Spätestens seit Sonntag ist James Ward-Prowse vom FC Southampton Englands neuer Freistoßkönig. Aber nicht nur seine Schusstechnik setzt Maßstäbe – auch sein Name.
In Southampton waren am Sonntag 33 Minuten gespielt, als David de Gea Böses schwante. Der Torwart von Manchester United deckte die lange Ecke ab, machte sich aber schon bereit, um in die kurze zu springen. Das ist eigentlich ein Fehler, doch der Keeper konnte sich recht sicher sein, dass James Ward-Prowse den Ball über die Freistoßmauer drehen würde. So macht das der Engländer eigentlich immer.
Am 1. November, seinem 26. Geburtstag, hatte Southamptons Kapitän gleich zwei Freistöße auf diese Art gegen Aston Villa verwandelt. Damit überholte er niemand Geringeren als die Klublegende Matt Le Tissier, denn dem waren in der Premier League nur sieben Freistoßtore gelungen, während Ward-Prowse durch seinen ungewöhnlichen Doppelpack bei acht stand. Doch was heißt in diesem Zusammenhang schon Klublegende? Ward-Prowse selbst ist auf dem besten Wege, eine zu werden. Trotz seiner Eltern.

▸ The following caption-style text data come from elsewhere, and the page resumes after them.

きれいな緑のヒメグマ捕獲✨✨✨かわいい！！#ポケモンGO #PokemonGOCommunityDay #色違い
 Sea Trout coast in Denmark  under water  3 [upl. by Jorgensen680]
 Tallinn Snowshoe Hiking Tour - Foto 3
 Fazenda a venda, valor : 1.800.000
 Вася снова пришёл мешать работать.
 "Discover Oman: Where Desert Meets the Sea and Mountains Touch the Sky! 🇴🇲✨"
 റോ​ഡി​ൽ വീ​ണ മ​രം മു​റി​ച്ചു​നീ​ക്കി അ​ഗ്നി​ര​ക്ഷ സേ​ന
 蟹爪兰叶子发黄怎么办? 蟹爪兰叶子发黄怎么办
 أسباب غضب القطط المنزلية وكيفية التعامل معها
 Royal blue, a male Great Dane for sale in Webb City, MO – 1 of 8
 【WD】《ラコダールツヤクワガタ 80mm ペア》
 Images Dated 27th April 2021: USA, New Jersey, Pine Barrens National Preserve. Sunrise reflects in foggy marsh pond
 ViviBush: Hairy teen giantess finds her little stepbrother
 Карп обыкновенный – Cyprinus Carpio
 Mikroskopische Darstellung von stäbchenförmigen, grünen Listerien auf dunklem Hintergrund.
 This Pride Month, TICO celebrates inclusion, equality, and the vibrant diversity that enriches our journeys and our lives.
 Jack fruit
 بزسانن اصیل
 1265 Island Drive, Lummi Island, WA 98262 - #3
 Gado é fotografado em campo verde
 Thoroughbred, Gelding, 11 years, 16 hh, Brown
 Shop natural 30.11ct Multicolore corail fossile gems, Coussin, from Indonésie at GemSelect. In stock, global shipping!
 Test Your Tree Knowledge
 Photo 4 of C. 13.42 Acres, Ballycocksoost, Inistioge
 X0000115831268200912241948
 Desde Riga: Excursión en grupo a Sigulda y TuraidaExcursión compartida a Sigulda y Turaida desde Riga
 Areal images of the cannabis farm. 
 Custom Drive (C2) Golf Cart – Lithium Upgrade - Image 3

Sein Vater John Ward-Prowse, ein Rechtsanwalt, war nämlich ebenso Fan des FC Portsmouth wie auch der ganze Rest der Familie, die aus jener Hafenstadt an der Südküste stammt. Im Norden von Portsmouth gibt es sogar ein Vereinsheim, auf dessen Außenwand vor knapp zwei Jahren ein großes Porträt von James Ward-Prowse gepinselt wurde. Das Gebäude gehört dem Jugendklub East Lodge Youth, der in einem Stadtteil von Portsmouth beheimatet ist, der Farlington heißt. Mit drei Jahren war James zum ersten Mal im acht Kilometer entfernten Stadion des FC Portsmouth, dem Fratton Park, schon als kleiner Junge hatte er eine Jahreskarte.
Das Besondere an dem Bild von Ward-Prowse ist, dass er ein weißes Trikot trägt. Zwischen Portsmouth und Southampton herrscht nämlich eine innige Feindschaft. Obwohl viele Leute in Portsmouth stolz sind, dass es ein Sohn der Stadt so weit gebracht hat, hätte die Malerei nicht lange überlebt, wenn der Künstler den Spieler in Rot-Weiß dargestellt hätte. Obwohl Ward-Prowse diese Farben schon lange trägt. Er spielte nach seiner Zeit bei East Lodge Youth zwar kurz für die U9 des FC Portsmouth, aber noch vor seinem neunten Geburtstag entschied er sich für Southampton, weil das dortige Internat einen sehr guten Ruf genoss. Schon mit 16 feierte er sein Debüt in der ersten Elf.
Seine Familie beschloss damals, dass Blut dicker als Wasser ist: Geschlossen gab die Familie Ward-Prowse ihre Dauerkarten für den FC Portsmouth zurück und folgte fortan dem Rivalen. Aber noch mindestens zwei weitere Details an James Ward-Prowse sind bemerkenswert. Da wäre einmal die Tatsache, dass sein großes Idol von Anfang an David Beckham war. Schon als Knirps legte sich Ward-Prowse den Ball auf den Rasen, nahm ein paar Schritte Anlauf und versuchte, das Leder um eine imaginäre Mauer zu drehen — bend it like Beckham. Jener Beckham hält übrigens bis heute den Premier-League-Rekord an direkt verwandelten Freistößen. Mit 18 Treffern liegt er deutlich vor Thierry Henry und Gianfranco Zola (12).